Over the years, privacy and security-oriented browser extensions in the same category of JShelter (e.g. uBlock or NoScript, whose code is partially inherited by JShelter through the NoScript Commons Library), have been forced into multiple complex refactorings and modernizations, including complete rewrites such as those required by the transition from Mozilla's original flexible XUL/XPCOM technology to the more limiting WebExtensions API, largely copied from Google Chrome's Extensions API.
During the past 2 years, the Manifest V3 API ("MV3" from now on) has been aggressively pushed by Google as the successor of the current semi-unified browser extensions APIs (known as Manifest V2 or "MV2").
MV3 comes with renewed migration challenges, made worse by its incompleteness and apparent hostility against privacy and security use cases.

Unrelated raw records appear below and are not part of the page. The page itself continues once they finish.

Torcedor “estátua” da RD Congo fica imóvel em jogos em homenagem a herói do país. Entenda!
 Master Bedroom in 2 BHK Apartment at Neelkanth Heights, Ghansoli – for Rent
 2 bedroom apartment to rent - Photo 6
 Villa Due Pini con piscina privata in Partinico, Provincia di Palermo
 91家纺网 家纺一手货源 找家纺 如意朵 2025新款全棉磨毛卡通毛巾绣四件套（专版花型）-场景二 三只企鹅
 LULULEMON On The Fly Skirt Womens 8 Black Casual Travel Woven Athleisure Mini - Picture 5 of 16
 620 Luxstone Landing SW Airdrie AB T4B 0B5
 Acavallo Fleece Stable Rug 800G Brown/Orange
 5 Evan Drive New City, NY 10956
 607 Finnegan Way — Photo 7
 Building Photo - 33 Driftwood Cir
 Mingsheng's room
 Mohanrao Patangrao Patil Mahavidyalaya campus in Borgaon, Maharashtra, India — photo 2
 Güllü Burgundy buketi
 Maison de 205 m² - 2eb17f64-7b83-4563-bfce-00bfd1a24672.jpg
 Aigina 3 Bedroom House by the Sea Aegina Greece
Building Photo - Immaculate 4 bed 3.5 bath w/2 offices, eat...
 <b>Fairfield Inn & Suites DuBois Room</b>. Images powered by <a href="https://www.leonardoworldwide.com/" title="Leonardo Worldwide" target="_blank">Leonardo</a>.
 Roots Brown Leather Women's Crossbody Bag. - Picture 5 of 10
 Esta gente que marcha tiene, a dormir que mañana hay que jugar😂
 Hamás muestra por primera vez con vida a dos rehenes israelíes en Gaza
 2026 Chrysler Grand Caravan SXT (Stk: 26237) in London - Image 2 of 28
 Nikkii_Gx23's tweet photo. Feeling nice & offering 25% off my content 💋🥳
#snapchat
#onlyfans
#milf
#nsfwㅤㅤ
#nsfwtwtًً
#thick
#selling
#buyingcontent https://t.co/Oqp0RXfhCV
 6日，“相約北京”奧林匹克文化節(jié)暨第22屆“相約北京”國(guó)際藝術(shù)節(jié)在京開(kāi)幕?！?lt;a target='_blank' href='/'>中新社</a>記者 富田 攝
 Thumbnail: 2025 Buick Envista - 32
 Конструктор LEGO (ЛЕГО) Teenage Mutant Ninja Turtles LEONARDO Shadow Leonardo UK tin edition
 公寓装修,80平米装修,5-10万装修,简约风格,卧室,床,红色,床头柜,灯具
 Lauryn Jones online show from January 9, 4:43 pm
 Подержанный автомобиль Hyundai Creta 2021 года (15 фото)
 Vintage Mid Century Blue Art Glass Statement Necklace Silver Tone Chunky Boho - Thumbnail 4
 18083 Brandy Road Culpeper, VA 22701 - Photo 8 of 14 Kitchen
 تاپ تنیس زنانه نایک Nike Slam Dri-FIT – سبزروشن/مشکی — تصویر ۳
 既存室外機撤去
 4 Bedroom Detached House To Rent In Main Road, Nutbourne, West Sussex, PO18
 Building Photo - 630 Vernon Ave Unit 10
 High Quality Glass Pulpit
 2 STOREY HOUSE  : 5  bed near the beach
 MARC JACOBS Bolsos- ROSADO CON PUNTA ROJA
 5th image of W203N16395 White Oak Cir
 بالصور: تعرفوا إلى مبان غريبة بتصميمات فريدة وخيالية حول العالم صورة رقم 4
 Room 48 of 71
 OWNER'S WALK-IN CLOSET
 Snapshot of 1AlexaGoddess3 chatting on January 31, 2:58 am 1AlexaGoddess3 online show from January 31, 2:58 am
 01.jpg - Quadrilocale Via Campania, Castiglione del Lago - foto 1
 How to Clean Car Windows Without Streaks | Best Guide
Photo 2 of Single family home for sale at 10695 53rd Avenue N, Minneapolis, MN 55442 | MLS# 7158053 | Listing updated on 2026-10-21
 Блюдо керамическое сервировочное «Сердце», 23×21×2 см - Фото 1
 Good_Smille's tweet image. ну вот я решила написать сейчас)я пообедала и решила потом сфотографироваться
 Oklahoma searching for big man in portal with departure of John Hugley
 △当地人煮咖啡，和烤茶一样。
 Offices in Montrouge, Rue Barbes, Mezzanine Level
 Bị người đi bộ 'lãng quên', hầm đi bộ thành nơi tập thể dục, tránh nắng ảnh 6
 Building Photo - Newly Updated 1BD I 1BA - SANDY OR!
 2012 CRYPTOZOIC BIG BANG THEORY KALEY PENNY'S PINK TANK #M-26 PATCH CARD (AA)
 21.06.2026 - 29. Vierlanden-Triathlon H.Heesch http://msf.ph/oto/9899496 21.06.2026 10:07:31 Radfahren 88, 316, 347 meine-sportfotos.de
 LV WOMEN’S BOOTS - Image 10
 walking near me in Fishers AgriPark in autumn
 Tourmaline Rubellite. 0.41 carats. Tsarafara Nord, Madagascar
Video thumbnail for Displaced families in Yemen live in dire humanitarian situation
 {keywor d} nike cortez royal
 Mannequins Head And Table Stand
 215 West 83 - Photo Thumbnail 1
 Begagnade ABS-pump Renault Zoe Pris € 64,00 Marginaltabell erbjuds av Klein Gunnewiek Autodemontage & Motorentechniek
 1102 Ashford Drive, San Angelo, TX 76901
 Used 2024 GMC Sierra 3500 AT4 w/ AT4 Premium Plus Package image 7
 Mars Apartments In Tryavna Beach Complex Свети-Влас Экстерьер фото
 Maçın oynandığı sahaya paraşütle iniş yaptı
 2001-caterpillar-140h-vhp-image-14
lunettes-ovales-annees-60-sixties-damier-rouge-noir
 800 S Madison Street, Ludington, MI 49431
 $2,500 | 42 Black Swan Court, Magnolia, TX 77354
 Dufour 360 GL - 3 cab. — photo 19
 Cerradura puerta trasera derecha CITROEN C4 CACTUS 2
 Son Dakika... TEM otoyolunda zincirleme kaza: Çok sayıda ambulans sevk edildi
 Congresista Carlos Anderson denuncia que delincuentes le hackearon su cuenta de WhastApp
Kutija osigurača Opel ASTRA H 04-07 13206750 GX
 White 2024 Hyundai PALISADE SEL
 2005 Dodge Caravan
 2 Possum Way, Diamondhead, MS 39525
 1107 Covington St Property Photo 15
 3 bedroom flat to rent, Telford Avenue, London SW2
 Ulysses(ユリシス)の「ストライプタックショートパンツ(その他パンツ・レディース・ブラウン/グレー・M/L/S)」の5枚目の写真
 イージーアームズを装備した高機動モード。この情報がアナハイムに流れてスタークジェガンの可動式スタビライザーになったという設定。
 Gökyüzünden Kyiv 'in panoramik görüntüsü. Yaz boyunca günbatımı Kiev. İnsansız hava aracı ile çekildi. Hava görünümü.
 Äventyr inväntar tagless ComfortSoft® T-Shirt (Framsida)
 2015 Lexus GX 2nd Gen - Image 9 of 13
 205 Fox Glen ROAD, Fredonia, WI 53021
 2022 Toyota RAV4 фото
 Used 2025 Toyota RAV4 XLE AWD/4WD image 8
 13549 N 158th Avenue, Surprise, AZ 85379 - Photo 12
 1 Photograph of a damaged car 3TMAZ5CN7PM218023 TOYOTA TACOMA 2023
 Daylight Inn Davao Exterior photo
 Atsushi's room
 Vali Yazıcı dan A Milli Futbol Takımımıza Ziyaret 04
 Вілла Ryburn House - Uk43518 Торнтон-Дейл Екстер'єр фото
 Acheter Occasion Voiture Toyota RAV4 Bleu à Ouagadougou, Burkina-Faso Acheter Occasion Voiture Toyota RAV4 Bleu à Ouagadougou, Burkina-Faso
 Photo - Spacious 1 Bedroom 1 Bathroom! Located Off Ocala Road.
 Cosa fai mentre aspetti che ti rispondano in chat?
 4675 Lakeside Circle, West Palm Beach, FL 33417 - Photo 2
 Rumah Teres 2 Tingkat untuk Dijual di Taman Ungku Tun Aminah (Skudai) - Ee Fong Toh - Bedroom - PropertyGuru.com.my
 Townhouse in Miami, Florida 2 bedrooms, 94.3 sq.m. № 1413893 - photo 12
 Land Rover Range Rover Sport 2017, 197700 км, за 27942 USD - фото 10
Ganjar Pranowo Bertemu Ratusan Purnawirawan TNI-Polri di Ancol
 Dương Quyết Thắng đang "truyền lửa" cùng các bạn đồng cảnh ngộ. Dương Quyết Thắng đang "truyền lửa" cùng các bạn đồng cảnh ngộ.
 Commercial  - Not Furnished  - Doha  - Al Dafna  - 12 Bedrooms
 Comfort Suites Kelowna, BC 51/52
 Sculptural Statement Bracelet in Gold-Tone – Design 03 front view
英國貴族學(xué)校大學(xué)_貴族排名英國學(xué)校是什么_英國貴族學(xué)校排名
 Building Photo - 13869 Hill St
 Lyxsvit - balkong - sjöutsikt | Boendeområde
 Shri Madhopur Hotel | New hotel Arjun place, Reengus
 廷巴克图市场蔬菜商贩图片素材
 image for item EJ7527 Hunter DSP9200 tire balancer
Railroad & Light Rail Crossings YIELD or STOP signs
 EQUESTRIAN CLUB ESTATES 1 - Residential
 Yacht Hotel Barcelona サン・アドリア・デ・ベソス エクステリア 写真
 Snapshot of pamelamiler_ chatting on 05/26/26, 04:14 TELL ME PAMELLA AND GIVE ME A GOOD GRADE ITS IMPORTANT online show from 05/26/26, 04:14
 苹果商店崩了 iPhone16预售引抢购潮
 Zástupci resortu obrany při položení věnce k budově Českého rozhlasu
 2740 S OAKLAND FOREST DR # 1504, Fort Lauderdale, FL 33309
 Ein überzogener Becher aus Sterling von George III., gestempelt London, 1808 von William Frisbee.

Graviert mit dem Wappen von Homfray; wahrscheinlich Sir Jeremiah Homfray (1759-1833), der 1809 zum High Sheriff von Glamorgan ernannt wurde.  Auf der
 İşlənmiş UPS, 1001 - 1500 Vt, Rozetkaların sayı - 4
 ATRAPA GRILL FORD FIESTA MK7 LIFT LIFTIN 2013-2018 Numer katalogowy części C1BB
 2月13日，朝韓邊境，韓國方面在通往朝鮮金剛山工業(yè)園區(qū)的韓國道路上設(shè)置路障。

Let's have a look at some threats that the MV3 specification poses to JShelter and other security and privacy-oriented extensions:
- The new content script injection APIs are promising on paper, thanks also to specific requests for enhancements coming from us, but their implementation is still incomplete and buggy.
- The removal of the blocking capabilities of the
webRequestAPI excludes any runtime algorithmic flexibility to analyze and manipulate the network traffic.
- The new
declarativeNetRequestAPI should replace the
webRequestAPI. But it is triggered by a limited number of basic URL-matching rules, which are easy to bypass for malicious actors
- The forced switch of extensions' main logic from a persistent and stateful background process (MV2) to an ephemeral and stateless service worker (which, by MV3's design, can be killed at any time) hampers the ability of security extensions to promptly counter-react synchronous events such as the start of a page script execution and dramatically impacts any extension of medium complexity, now forced to reconstruct its state from slow asynchronous storage every time its service worker gets woken up by user interaction or network events.
These and other technical problems are making the transition extremely painful to privacy and security-oriented browser extensions, and more in general those aimed to change the browser's default behavior in restrictive / protective directions or just give back some agency to the users rather than prioritize the will of web authors, advertisers, and trackers.
Further factors make any migration route even harder:
- MV2 and MV3 API access is mutually exclusive, meaning that we cannot pick "the best tool for the task" during the transition. Therefore, web developers are forced to maintain multiple versions, i.e. MV2-based for the general public and MV3-based for early adopters/testers willing to bear with bugs and missing features until MV3 is good enough.
- MV3 is far from having any finalized shape or roadmap, despite the relentless efforts to make it more viable from extensions developers, including myself, convening with browser vendors in W3C's Web Extensions Community Group (WECG).
- There's still no stable, feature-complete and reliable MV3 API implementation for moderately complex extensions to experiment with.
- Its actual implementations suffer from fragmentation and countless incompatibilities, for the better or the worse, across browser vendors adopting it, including Mozilla, Microsoft and Apple.
Notwithstanding the aforementioned critical issues, one year ago, Google announced a bellicose timeline to extinguish "legacy" MV2 extensions, starting with a "soft" deprecation on the 1st of January 2023 but quickly ramping up to enterprise-only support in June and complete extermination by the end of the year, except for backpedalling at the last moment, putting those dates "under review until March" with the admission that an API still in such a bad shape prevents too many extensions (even outside the controversial realm of content blockers) from migrating.
In our project, we're seeking to navigate the uncertainty of Manifest V3 transition towards a successful outcome, trying to stay compatible with as many browsers as possible, preserving as many features as possible, through different interventions, some sequential, some parallel:
- actively participating in the ongoing browser extensions API design work of the Web Extensions Community Group, in order to steer the MV3 specification in the most favorable direction for security and privacy use cases;
- publishing a MV3-compatible JShelter prototype as much feature complete and cross-browser compatible as possible, and developed/distributed/tested separately from the MV2 version aimed at the general public;
- simultaneously advocating for, keeping track of and taking advantage of useful API changes (even if browser-specific) to improve the MV3-based prototype;
- sharing the results with other extension developers through the NoScript Commons Library; the compatibility layer eases the migration work for other developers.